Un décompte de plus et le match sera terminé - le principal événement de la Wrestlemania 17 dont les deux combattants en question, deux légendes vivantes du catch professionnel, ont frappé, cogné, donné des coups de pied, se sont battus et brutalisés pendant près de 30 minutes d'enfer. Le serpent à sonnettes du Texas, Stone Cold Steve Austin, est à une seconde d'une victoire sur le champion du public, le Rock.

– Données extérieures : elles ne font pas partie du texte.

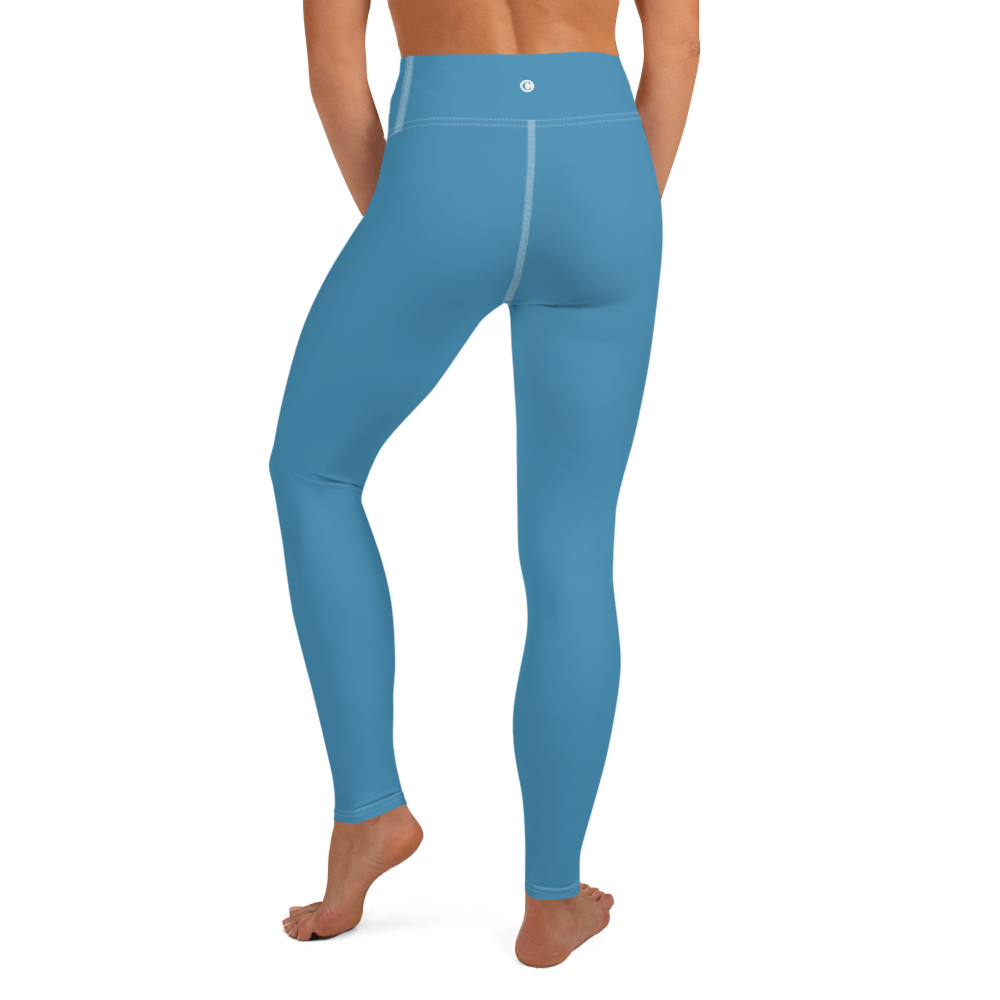 Michigan Upper Peninsula Yoga Leggings (w/ UP Outline) | Lake Michigan Blue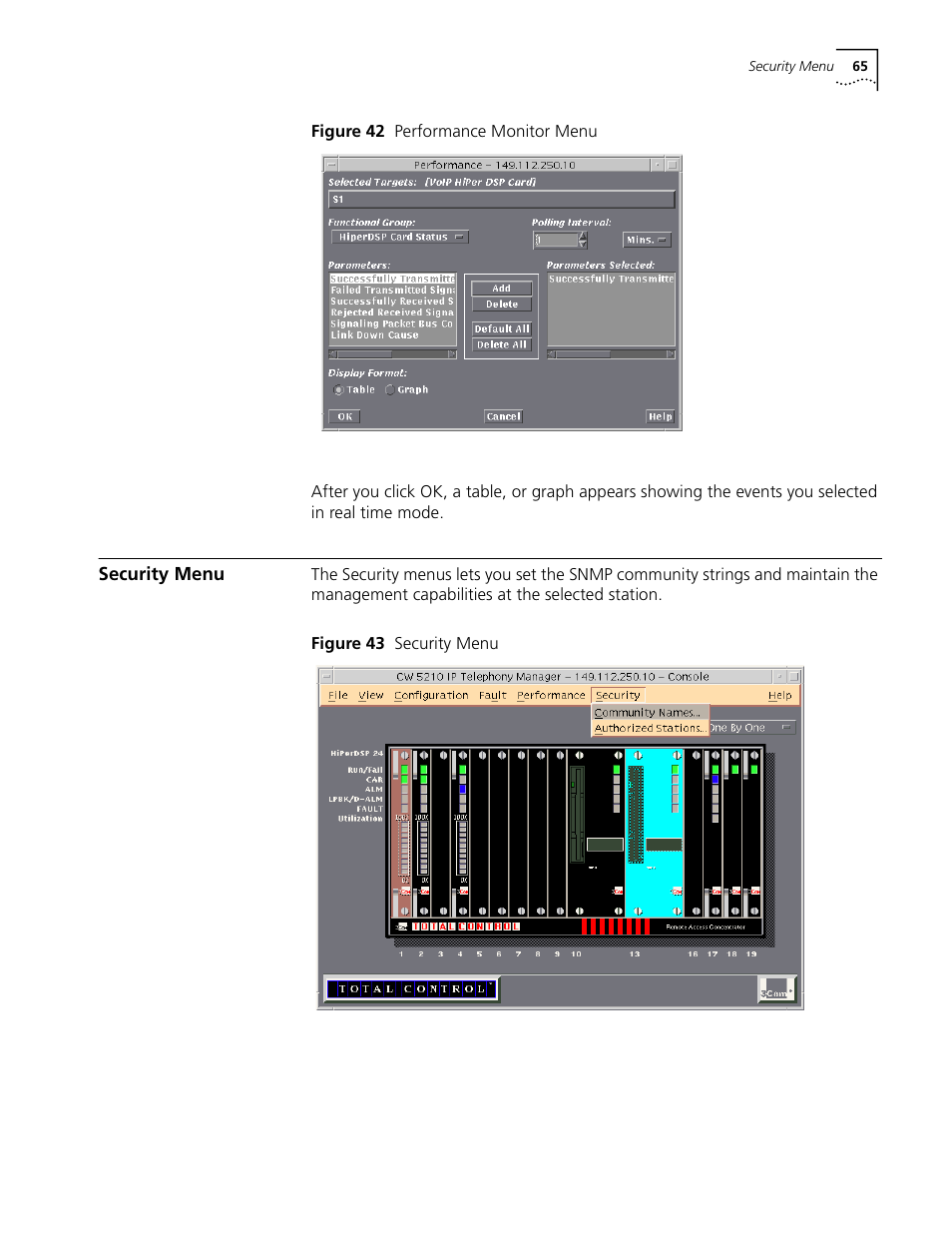 Security menu | 3Com CommWorks 5210 User Manual | Page 65 / 144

Venant du fond du dôme du Stadium, on entend un grondement qui monte en décibels jusqu'à ce
que l'incantation devienne claire. "Rocky, Rocky, Rocky..." Le bras tendu de l'arbitre s'abat, son rythme s'accélérant vers la fin du décompte, à quelques centimètres de l'impact. Comme si un éclair l'avait ramené à la vie, le Rock donne un coup violent, décolle une épaule du tapis en levant triomphalement un poing, et une avalanche de bruit s'abat sur la scène. Les fans en veulent plus et leur volonté collective soulève les combattants. Le Rock et Austin vont chercher au plus profond d'eux-mêmes, rassemblent toute leur volonté, ignorant avec défiance leurs limites physiques. Ce soir, tout ce qu'ils ont à donner pourrait bien être à peine suffisant.
JANVIER 2002. Dix mois après cet événement de premier ordre qui a fait les gros titres du catch professionnel, le Rock est impliqué dans une bataille très différente de celles auxquelles il était habitué dans ses spectacles sur le ring. Dans cette arène déserte - une carrière située en dehors des abords de Los Angeles - on n'assistera pas à une des projections distinctives du Rock, ni au porter théâtral des fans. Au lieu de ça, vêtu d'une tenue de combat de cuir marron qui rappelle les péplums du passé, le Rock s'avance pour une séquence de bataille à main nue, son adversaire étant un coordinateur de cascades. À la place des milliers de fans enragés, quelques dizaines de membres de l'équipe de tournage s'activent autour de la scène. Et le discours provoquant et insolent qui symbolise le personnage du Rock cède à présent la place à un regard intense et posé, maintenant que Dwayne Johnson, 29 ans, est davantage lui-même, un ancien joueur universitaire de football américain et un jeune acteur prometteur.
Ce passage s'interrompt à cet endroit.